I disagree that users should avoid the preprocessor here. If their
code is only compiled by Clang, there is not a lot of compelling
reason for them to pass -Wunknown-attributes=whatever in the first
place. If the code is compiled by more than just Clang, then the only
nonfragile cross-compiler solutions are to use the preprocessor or the
build system. In my experience, developers prefer writing code to
writing build scripts.
Why isn’t there a compelling reason to pass -Wunknown-attributes=whatever? Attributes are useful for all sorts of things, such as static analysis tools. And adding a flag to a build script is not “writing build scripts”. It’s the simplest of build-system logic that I’d expect any developer to know how to do, but not every developer needs to know how to do it, just the ones who add tools to the workflow or update standards, etc.

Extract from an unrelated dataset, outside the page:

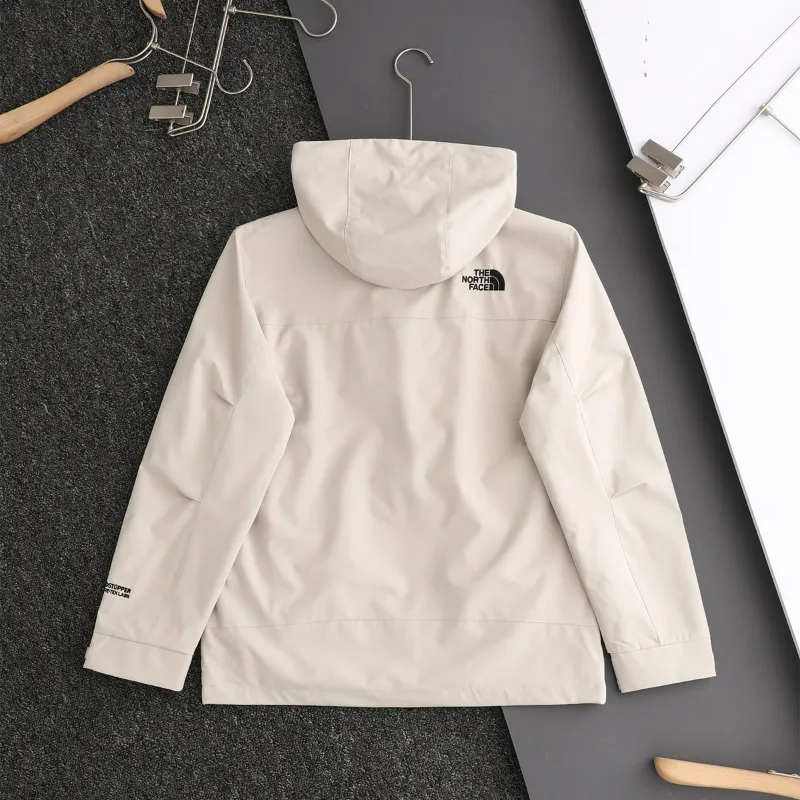 『S-2XL』 今季も大流行 絶対流行 ペアルック カップル きれいめ系 3色 防風 アウター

I’m not certain why you believe using the preprocessor blocks using a
C++11 attribute – it doesn’t. There’s no difference between using
[[clang::foobar]] and a macro that expands to [[clang::foobar]] if the
attribute is supported and [[]] if it’s not, except for the lack of a
warning about ignored attributes.
My point is this: if we use macros anyway, there was no need to standardize attributes in C++11. attribute((whatever)) and MSVC’s __decspec(…) is sufficient (custom attributes could be handled in a similar way, such as how Qt Moc does it). Yes, things like [[noreturn]] and [[nodiscard]] would need to be wrapped in macros, but that’s not too much work.
However, we standardized an attribute syntax for C++11, and in C++17 we clarified that this attribute syntax needs to allow arbitrary attributes, not just standardized or compiler-specific ones.
I am not convinced that hacking build scripts is less work than using
macros. It’s arguable that the first time you need the macro is an
outsized amount of work (because you have to start adding boilerplate
at that point), but I believe the same is true the first time you need
to hack a build script to add the new warning flag + attribute list.
True. However, macros obscure the code:
SOME_ATTRIBUTE
void call_me();
It may be clear that SOME_ATTRIBUTE is an attribute, but I have to chase down the definition of SOME_ATTRIBUTE to determine what it is.
Also consider that some users will prefer to pass -Wno-unknown-attributes than use these macros, meaning they get no typo detection. However, if they could whitelist allowed attributes to turn off the warning for, I’d imagine many of those users would do so. Why not have a fine-grained option for warning control?
Given that (AFAIK) no other compiler gives you granularity to disable
unknown attribute warnings on a per-attribute basis, I don’t think
forcing users to try to deal with this in build scripts does users a
service.
Just because no compiler does it yet doesn’t mean we shouldn’t do it. I’ve submitted a similar feature request on GCC, and it seems well-received. I intend to do the same for MSVC.
This is especially true given that each compiler will require
a different build script change even if the flags are identical
between compilers, because different compilers support different lists
of attributes.
If different compilers support different lists of attributes, that’s not a problem. A -Wignore-unknown-attribute=clang::some_attribute in GCC would be fine in Clang, because it does nothing in Clang. The flag may differ between compilers, though, but that’s not anything developers aren’t already familiar with.